(Stored data entries)

▶

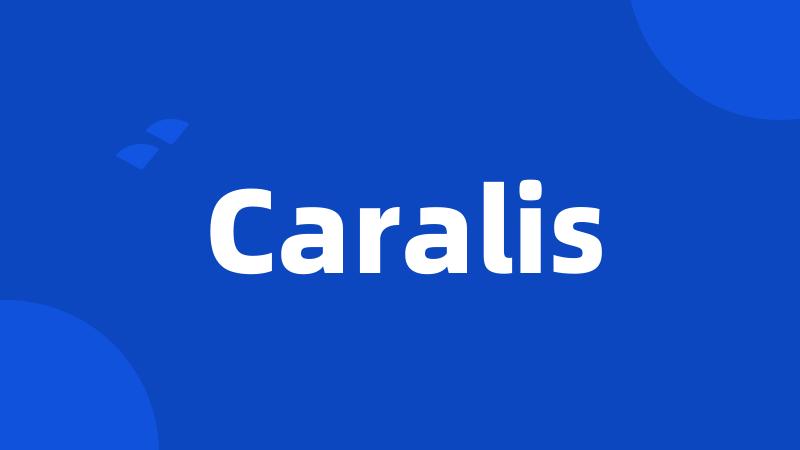 Caralis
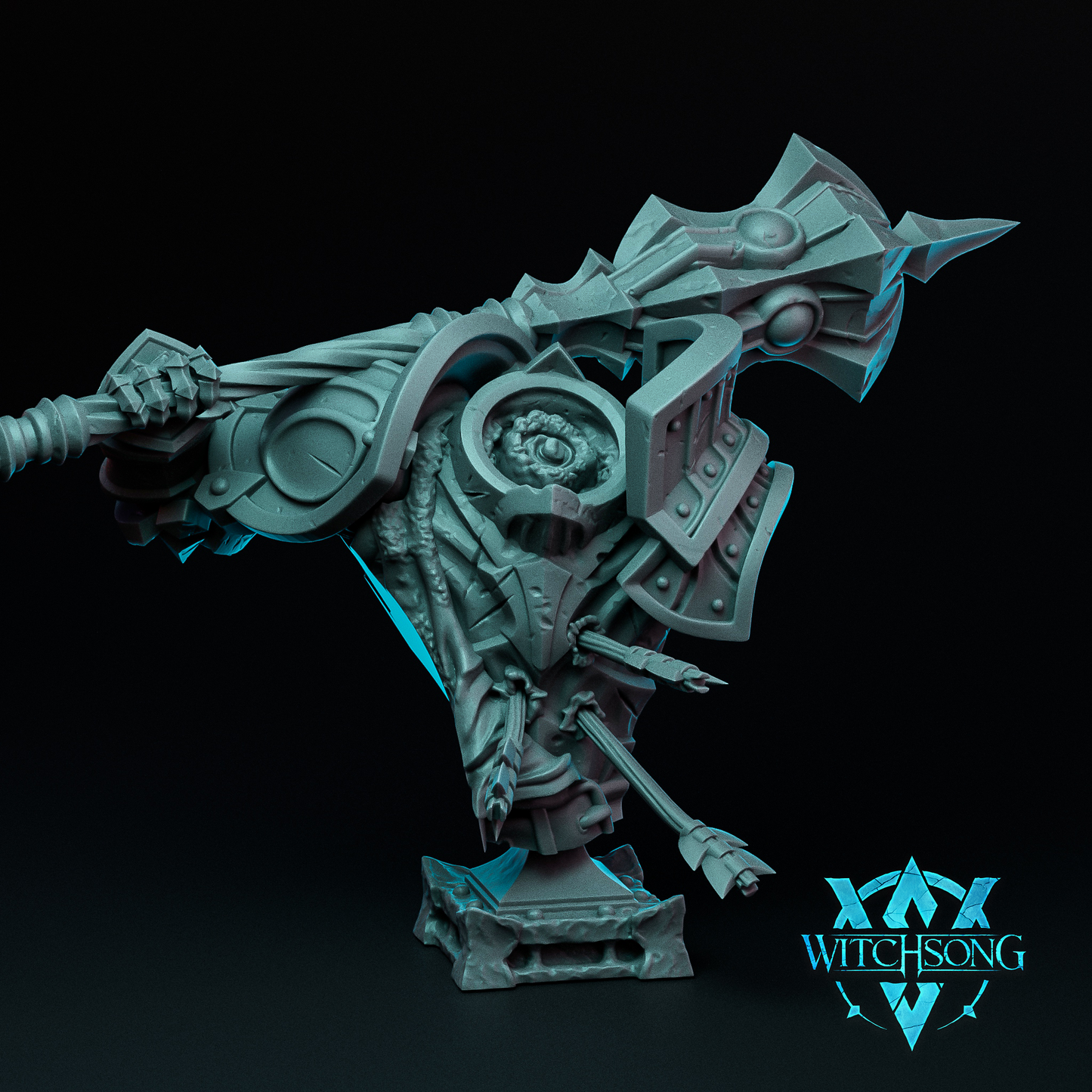 Witchsong Miniatures | Colossal Knight Horror | Colossal Knight Horror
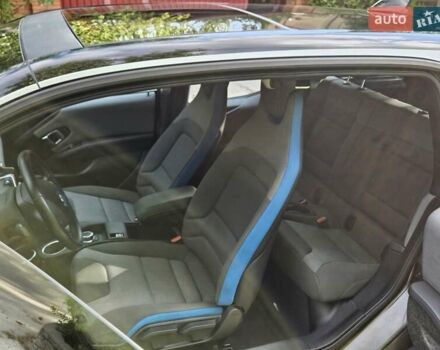 Черный БМВ И3, объемом двигателя 0.65 л и пробегом 40 тыс. км за 24000 $, фото 27 на Automoto.ua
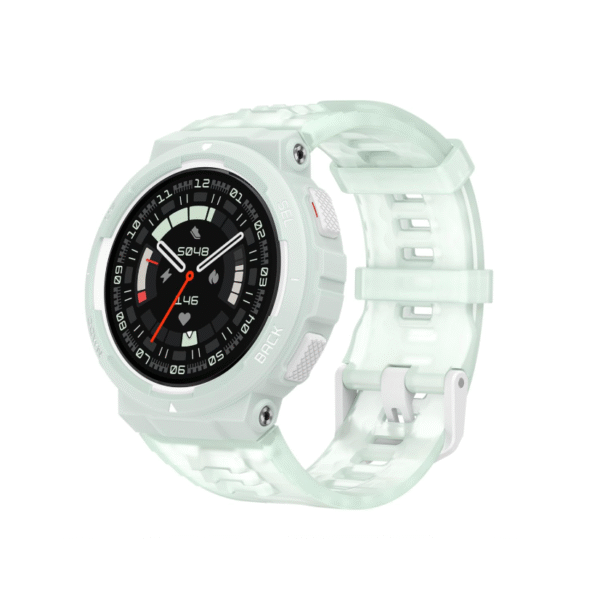Amazfit Active Edge 46mm Smartwatch (Mint Green) - Open Box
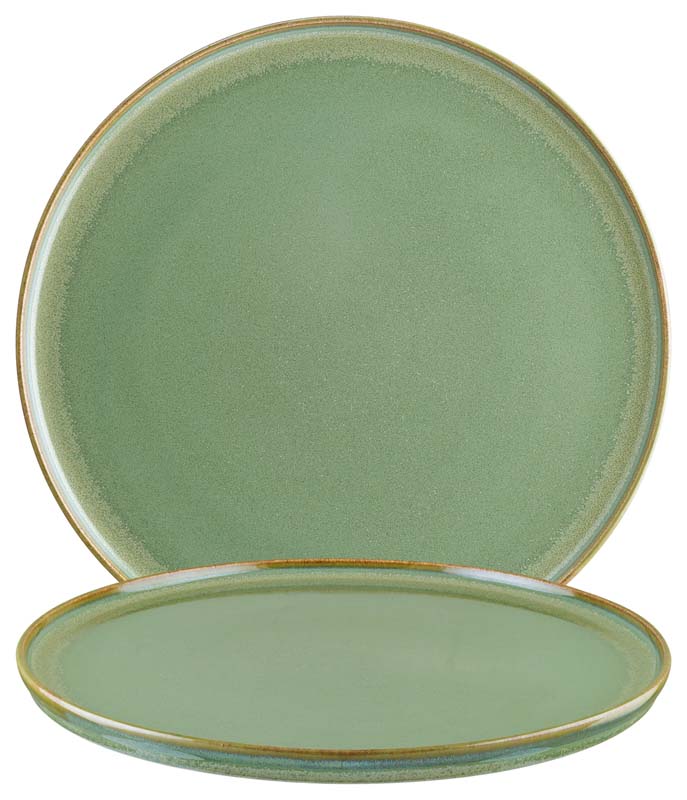 Bonna Sage Hygge plate 16cm green - 12 pcs. Bonna Sage Hygge plate 16cm green - 12 pcs.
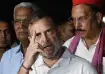 Congress MP Rahul Gandhi briefs media in Delhi/ File photo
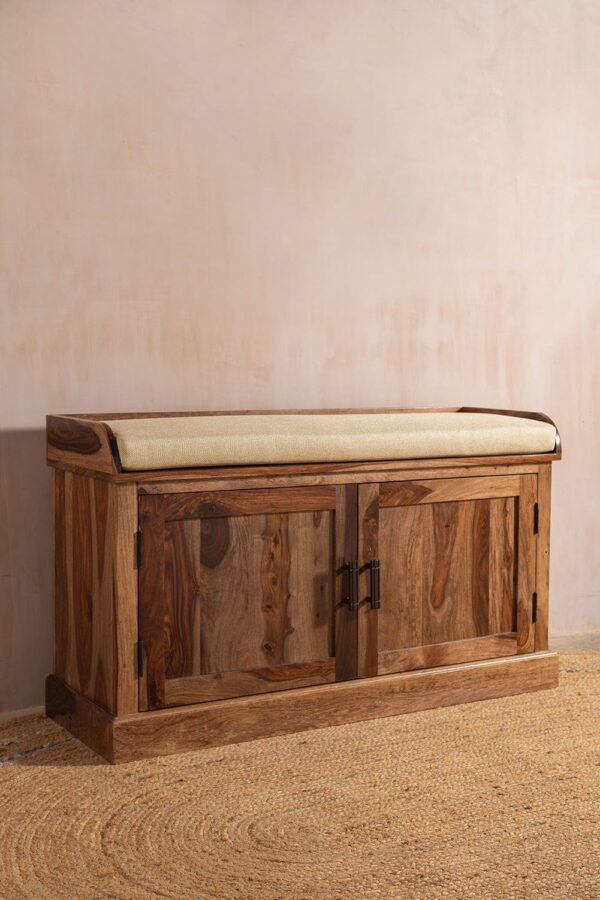 Mallani Storage Seat with Cupboard - Image 8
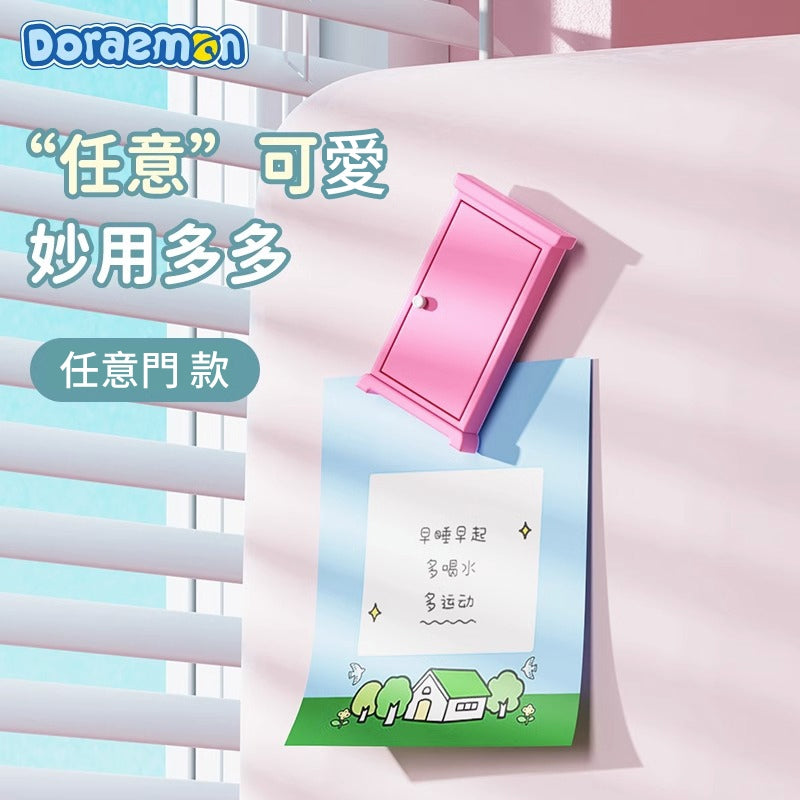 【洛克空間】現貨 哆啦A夢 新款冰箱貼 任意門 小叮噹 磁吸貼 哆啦a夢 磁力貼 便利貼 啤酒扣 開瓶器 規格圖片 3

◀

■ **What the task asks**
Leave out the pictures and repeat the remaining data exactly.

■ **Result**
 Caralis
 Witchsong Miniatures | Colossal Knight Horror | Colossal Knight Horror
 Черный БМВ И3, объемом двигателя 0.65 л и пробегом 40 тыс. км за 24000 $, фото 27 на Automoto.ua
Amazfit Active Edge 46mm Smartwatch (Mint Green) - Open Box
 Bonna Sage Hygge plate 16cm green - 12 pcs. Bonna Sage Hygge plate 16cm green - 12 pcs.
 Congress MP Rahul Gandhi briefs media in Delhi/ File photo
 Mallani Storage Seat with Cupboard - Image 8
 【洛克空間】現貨 哆啦A夢 新款冰箱貼 任意門 小叮噹 磁吸貼 哆啦a夢 磁力貼 便利貼 啤酒扣 開瓶器 規格圖片 3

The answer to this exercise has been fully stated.